夕鶴さんから貰ったお菓子の話。双子と遊んだ内容。九繰の失礼発言。美味しかったお昼の魚の事。唇から漏れるのはいずれも他愛無い内容ばかり。
ああ、言いたい事はこんな事じゃ無くて。でもどこからどう口にすれば良いのか分からず、そのまま独り言のような言葉は小さく続いていく。
「それで、九繰は……九繰は何考えてるのかわかんないし、構ってくれる理由も面白半分だろうけど。ちょっとは感謝してる。さっきも助けてくれたしね。……本当に、怖かったから」
香夜は目を瞑った。今もはっきりと身体が憶えている。舌を噛み切ってしまいたいとさえ思った、あの瞬間の絶望を。
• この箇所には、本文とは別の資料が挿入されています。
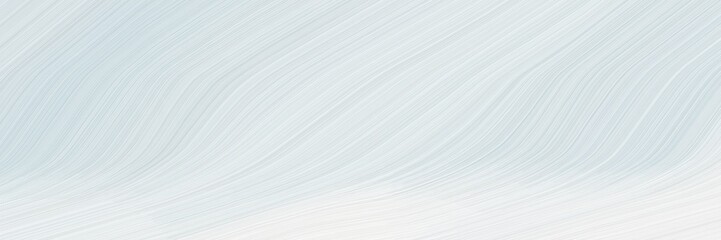 Poster - surreal banner design with lavender, white smoke and light gray colors. dynamic curved lines with fluid flowing waves and curves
「だからその…まずは助けてくれてありがとう、かな。貴方にもお礼を言わなきゃ。危ない所だったから、助かった、です。本当にありがとう」
とっても、とっても嬉しかった。
遠回りをして、やっと伝えられたお礼の言葉。吐息混じりの声を吐き出して、顔を上げると襖の向こうをひたと見つめた。
――………。
「……え?何?」
ふいに中からぼそぼそと声がして、聞き取れずに耳を傾ける。
――……俺ハ、知ラン
俺は知らん。
何とか聞き取れた言葉に、驚いて…そして笑ってしまった。
ようやく聞けたと思った第一声がそれか。ばれていないとでも思っているのか。この期に及んでまだしらを切る須王の態度が、何だかおかしかった。
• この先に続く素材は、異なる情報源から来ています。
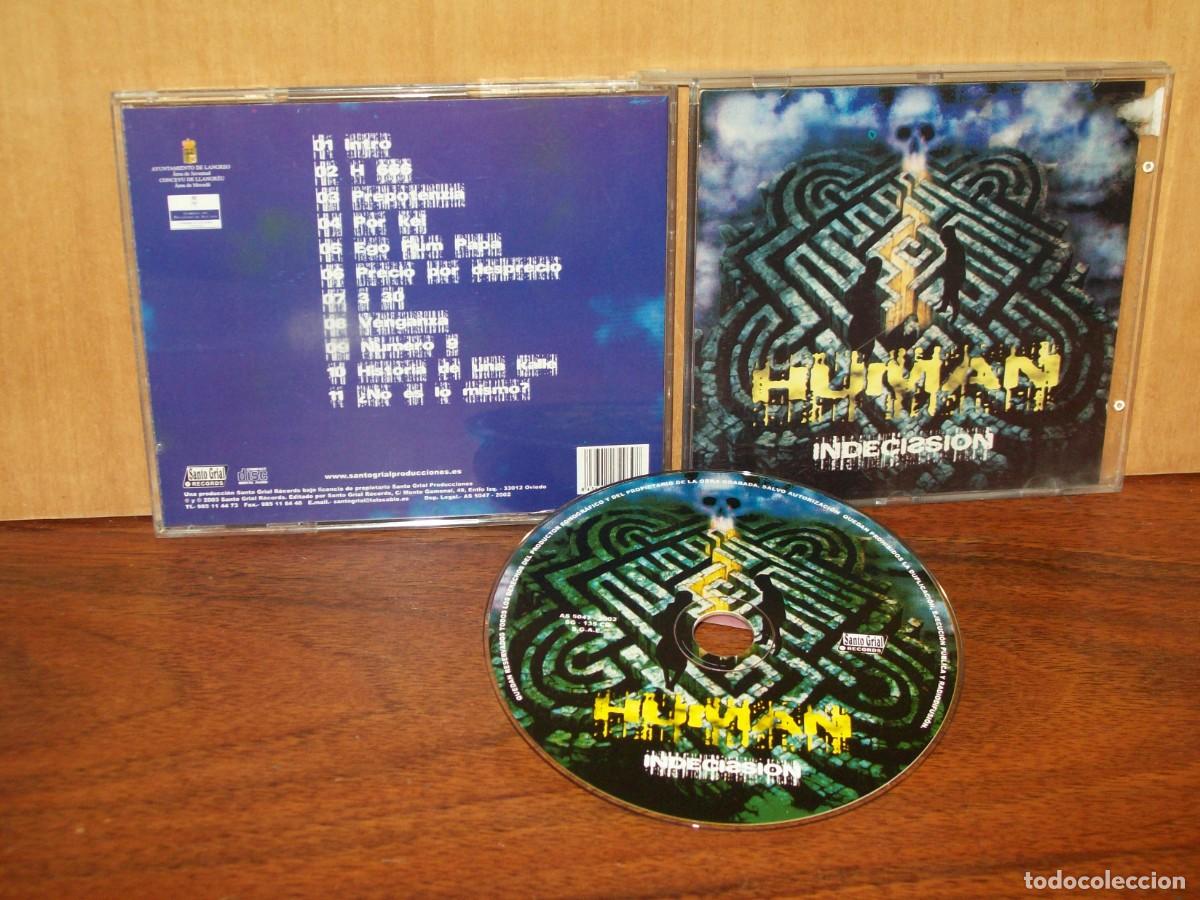 CDs de m&uacute;sica: HUMAN - INDECISSION - CD . - Foto 1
「一番最初に飛び込んで来てくれたでしょう?九繰よりも先に」
他の誰でも無い須王が最初に助けに来てくれた。それが一番価値のある事だと思うのに。少し笑って、何だか肩の力が抜けた香夜は一番伝えたかった事を口にした。ねえ、と襖の向こうで一人蹲っているであろう大蛇(すおう)へ。